REQUIRED ACTION » Only an exact copy of the listing below will do.

^^^^

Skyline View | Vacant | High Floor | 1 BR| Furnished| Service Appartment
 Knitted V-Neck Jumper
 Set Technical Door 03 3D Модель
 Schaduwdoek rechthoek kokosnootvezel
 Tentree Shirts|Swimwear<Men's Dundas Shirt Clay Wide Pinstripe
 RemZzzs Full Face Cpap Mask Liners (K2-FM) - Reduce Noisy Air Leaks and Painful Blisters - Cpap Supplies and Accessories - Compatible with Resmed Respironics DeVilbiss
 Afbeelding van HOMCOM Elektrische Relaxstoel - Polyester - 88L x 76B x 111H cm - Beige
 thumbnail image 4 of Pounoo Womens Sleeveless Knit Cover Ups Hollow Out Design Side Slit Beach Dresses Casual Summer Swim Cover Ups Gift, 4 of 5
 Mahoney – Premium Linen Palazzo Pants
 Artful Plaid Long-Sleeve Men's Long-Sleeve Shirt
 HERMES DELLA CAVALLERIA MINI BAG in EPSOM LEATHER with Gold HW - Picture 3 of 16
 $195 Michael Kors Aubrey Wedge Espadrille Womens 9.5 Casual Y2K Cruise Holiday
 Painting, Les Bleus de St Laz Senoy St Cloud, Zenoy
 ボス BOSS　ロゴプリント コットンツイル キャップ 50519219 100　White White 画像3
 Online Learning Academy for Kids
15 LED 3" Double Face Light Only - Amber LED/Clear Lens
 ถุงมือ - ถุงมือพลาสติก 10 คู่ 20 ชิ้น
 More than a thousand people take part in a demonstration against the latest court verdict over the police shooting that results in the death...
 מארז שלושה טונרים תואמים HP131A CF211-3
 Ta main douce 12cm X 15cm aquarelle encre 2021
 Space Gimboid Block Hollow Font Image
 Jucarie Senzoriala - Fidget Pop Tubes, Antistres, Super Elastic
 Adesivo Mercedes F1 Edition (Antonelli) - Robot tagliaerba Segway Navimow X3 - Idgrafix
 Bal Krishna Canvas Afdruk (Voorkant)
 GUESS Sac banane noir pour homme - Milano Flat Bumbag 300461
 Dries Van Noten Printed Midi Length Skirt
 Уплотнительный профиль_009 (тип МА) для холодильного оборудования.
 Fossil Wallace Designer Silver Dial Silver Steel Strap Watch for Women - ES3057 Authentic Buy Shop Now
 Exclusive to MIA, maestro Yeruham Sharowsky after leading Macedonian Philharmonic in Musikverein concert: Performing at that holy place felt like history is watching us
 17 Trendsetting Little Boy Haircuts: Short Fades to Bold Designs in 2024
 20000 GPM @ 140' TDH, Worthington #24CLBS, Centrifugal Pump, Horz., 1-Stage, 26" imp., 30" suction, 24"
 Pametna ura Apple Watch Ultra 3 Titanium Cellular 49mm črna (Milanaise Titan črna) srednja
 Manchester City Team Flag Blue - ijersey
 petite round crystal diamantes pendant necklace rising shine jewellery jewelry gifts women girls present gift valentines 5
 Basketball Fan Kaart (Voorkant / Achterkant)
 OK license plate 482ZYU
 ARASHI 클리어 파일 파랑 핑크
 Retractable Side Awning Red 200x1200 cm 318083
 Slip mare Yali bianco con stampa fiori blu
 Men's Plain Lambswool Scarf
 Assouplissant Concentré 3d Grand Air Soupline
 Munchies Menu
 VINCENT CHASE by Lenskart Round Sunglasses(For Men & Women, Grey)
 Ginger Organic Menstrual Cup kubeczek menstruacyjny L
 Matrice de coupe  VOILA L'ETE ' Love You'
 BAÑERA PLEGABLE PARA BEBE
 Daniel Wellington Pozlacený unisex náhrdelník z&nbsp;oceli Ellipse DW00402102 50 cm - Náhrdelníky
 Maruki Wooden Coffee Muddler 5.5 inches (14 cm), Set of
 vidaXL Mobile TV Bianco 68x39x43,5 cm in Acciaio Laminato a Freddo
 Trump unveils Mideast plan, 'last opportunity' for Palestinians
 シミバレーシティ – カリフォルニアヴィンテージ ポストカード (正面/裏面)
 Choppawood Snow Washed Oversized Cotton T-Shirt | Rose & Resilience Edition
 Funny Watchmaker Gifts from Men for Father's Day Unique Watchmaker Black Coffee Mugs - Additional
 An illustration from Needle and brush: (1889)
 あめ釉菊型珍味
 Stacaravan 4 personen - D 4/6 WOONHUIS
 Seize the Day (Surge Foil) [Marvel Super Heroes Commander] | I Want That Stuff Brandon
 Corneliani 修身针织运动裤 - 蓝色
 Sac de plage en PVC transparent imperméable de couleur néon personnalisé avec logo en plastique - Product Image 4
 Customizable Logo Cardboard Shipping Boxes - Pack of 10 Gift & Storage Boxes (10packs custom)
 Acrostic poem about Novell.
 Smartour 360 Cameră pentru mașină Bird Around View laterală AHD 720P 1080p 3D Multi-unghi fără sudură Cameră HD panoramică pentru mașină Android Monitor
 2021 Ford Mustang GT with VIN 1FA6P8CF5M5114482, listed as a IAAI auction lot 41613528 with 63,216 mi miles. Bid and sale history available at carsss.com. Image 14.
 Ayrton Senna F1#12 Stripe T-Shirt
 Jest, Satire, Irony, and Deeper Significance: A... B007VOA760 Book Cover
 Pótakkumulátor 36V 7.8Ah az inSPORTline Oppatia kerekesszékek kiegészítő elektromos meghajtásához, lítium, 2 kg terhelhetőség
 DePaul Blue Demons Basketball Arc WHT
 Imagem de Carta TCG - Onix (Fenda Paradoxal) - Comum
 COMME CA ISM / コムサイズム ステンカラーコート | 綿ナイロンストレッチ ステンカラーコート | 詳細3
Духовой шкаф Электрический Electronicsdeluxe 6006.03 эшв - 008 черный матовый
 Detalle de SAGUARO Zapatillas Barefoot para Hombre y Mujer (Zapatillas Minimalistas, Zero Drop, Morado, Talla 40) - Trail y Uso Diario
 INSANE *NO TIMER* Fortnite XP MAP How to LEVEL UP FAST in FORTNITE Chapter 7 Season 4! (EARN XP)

^^^^

YOUR RESPONSE »
Skyline View | Vacant | High Floor | 1 BR| Furnished| Service Appartment
 Knitted V-Neck Jumper
 Set Technical Door 03 3D Модель
 Schaduwdoek rechthoek kokosnootvezel
 Tentree Shirts|Swimwear<Men's Dundas Shirt Clay Wide Pinstripe
 RemZzzs Full Face Cpap Mask Liners (K2-FM) - Reduce Noisy Air Leaks and Painful Blisters - Cpap Supplies and Accessories - Compatible with Resmed Respironics DeVilbiss
 Afbeelding van HOMCOM Elektrische Relaxstoel - Polyester - 88L x 76B x 111H cm - Beige
 thumbnail image 4 of Pounoo Womens Sleeveless Knit Cover Ups Hollow Out Design Side Slit Beach Dresses Casual Summer Swim Cover Ups Gift, 4 of 5
 Mahoney – Premium Linen Palazzo Pants
 Artful Plaid Long-Sleeve Men's Long-Sleeve Shirt
 HERMES DELLA CAVALLERIA MINI BAG in EPSOM LEATHER with Gold HW - Picture 3 of 16
 $195 Michael Kors Aubrey Wedge Espadrille Womens 9.5 Casual Y2K Cruise Holiday
 Painting, Les Bleus de St Laz Senoy St Cloud, Zenoy
 ボス BOSS　ロゴプリント コットンツイル キャップ 50519219 100　White White 画像3
 Online Learning Academy for Kids
15 LED 3" Double Face Light Only - Amber LED/Clear Lens
 ถุงมือ - ถุงมือพลาสติก 10 คู่ 20 ชิ้น
 More than a thousand people take part in a demonstration against the latest court verdict over the police shooting that results in the death...
 מארז שלושה טונרים תואמים HP131A CF211-3
 Ta main douce 12cm X 15cm aquarelle encre 2021
 Space Gimboid Block Hollow Font Image
 Jucarie Senzoriala - Fidget Pop Tubes, Antistres, Super Elastic
 Adesivo Mercedes F1 Edition (Antonelli) - Robot tagliaerba Segway Navimow X3 - Idgrafix
 Bal Krishna Canvas Afdruk (Voorkant)
 GUESS Sac banane noir pour homme - Milano Flat Bumbag 300461
 Dries Van Noten Printed Midi Length Skirt
 Уплотнительный профиль_009 (тип МА) для холодильного оборудования.
 Fossil Wallace Designer Silver Dial Silver Steel Strap Watch for Women - ES3057 Authentic Buy Shop Now
 Exclusive to MIA, maestro Yeruham Sharowsky after leading Macedonian Philharmonic in Musikverein concert: Performing at that holy place felt like history is watching us
 17 Trendsetting Little Boy Haircuts: Short Fades to Bold Designs in 2024
 20000 GPM @ 140' TDH, Worthington #24CLBS, Centrifugal Pump, Horz., 1-Stage, 26" imp., 30" suction, 24"
 Pametna ura Apple Watch Ultra 3 Titanium Cellular 49mm črna (Milanaise Titan črna) srednja
 Manchester City Team Flag Blue - ijersey
 petite round crystal diamantes pendant necklace rising shine jewellery jewelry gifts women girls present gift valentines 5
 Basketball Fan Kaart (Voorkant / Achterkant)
 OK license plate 482ZYU
 ARASHI 클리어 파일 파랑 핑크
 Retractable Side Awning Red 200x1200 cm 318083
 Slip mare Yali bianco con stampa fiori blu
 Men's Plain Lambswool Scarf
 Assouplissant Concentré 3d Grand Air Soupline
 Munchies Menu
 VINCENT CHASE by Lenskart Round Sunglasses(For Men & Women, Grey)
 Ginger Organic Menstrual Cup kubeczek menstruacyjny L
 Matrice de coupe  VOILA L'ETE ' Love You'
 BAÑERA PLEGABLE PARA BEBE
 Daniel Wellington Pozlacený unisex náhrdelník z&nbsp;oceli Ellipse DW00402102 50 cm - Náhrdelníky
 Maruki Wooden Coffee Muddler 5.5 inches (14 cm), Set of
 vidaXL Mobile TV Bianco 68x39x43,5 cm in Acciaio Laminato a Freddo
 Trump unveils Mideast plan, 'last opportunity' for Palestinians
 シミバレーシティ – カリフォルニアヴィンテージ ポストカード (正面/裏面)
 Choppawood Snow Washed Oversized Cotton T-Shirt | Rose & Resilience Edition
 Funny Watchmaker Gifts from Men for Father's Day Unique Watchmaker Black Coffee Mugs - Additional
 An illustration from Needle and brush: (1889)
 あめ釉菊型珍味
 Stacaravan 4 personen - D 4/6 WOONHUIS
 Seize the Day (Surge Foil) [Marvel Super Heroes Commander] | I Want That Stuff Brandon
 Corneliani 修身针织运动裤 - 蓝色
 Sac de plage en PVC transparent imperméable de couleur néon personnalisé avec logo en plastique - Product Image 4
 Customizable Logo Cardboard Shipping Boxes - Pack of 10 Gift & Storage Boxes (10packs custom)
 Acrostic poem about Novell.
 Smartour 360 Cameră pentru mașină Bird Around View laterală AHD 720P 1080p 3D Multi-unghi fără sudură Cameră HD panoramică pentru mașină Android Monitor
 2021 Ford Mustang GT with VIN 1FA6P8CF5M5114482, listed as a IAAI auction lot 41613528 with 63,216 mi miles. Bid and sale history available at carsss.com. Image 14.
 Ayrton Senna F1#12 Stripe T-Shirt
 Jest, Satire, Irony, and Deeper Significance: A... B007VOA760 Book Cover
 Pótakkumulátor 36V 7.8Ah az inSPORTline Oppatia kerekesszékek kiegészítő elektromos meghajtásához, lítium, 2 kg terhelhetőség
 DePaul Blue Demons Basketball Arc WHT
 Imagem de Carta TCG - Onix (Fenda Paradoxal) - Comum
 COMME CA ISM / コムサイズム ステンカラーコート | 綿ナイロンストレッチ ステンカラーコート | 詳細3
Духовой шкаф Электрический Electronicsdeluxe 6006.03 эшв - 008 черный матовый
 Detalle de SAGUARO Zapatillas Barefoot para Hombre y Mujer (Zapatillas Minimalistas, Zero Drop, Morado, Talla 40) - Trail y Uso Diario
 INSANE *NO TIMER* Fortnite XP MAP How to LEVEL UP FAST in FORTNITE Chapter 7 Season 4! (EARN XP)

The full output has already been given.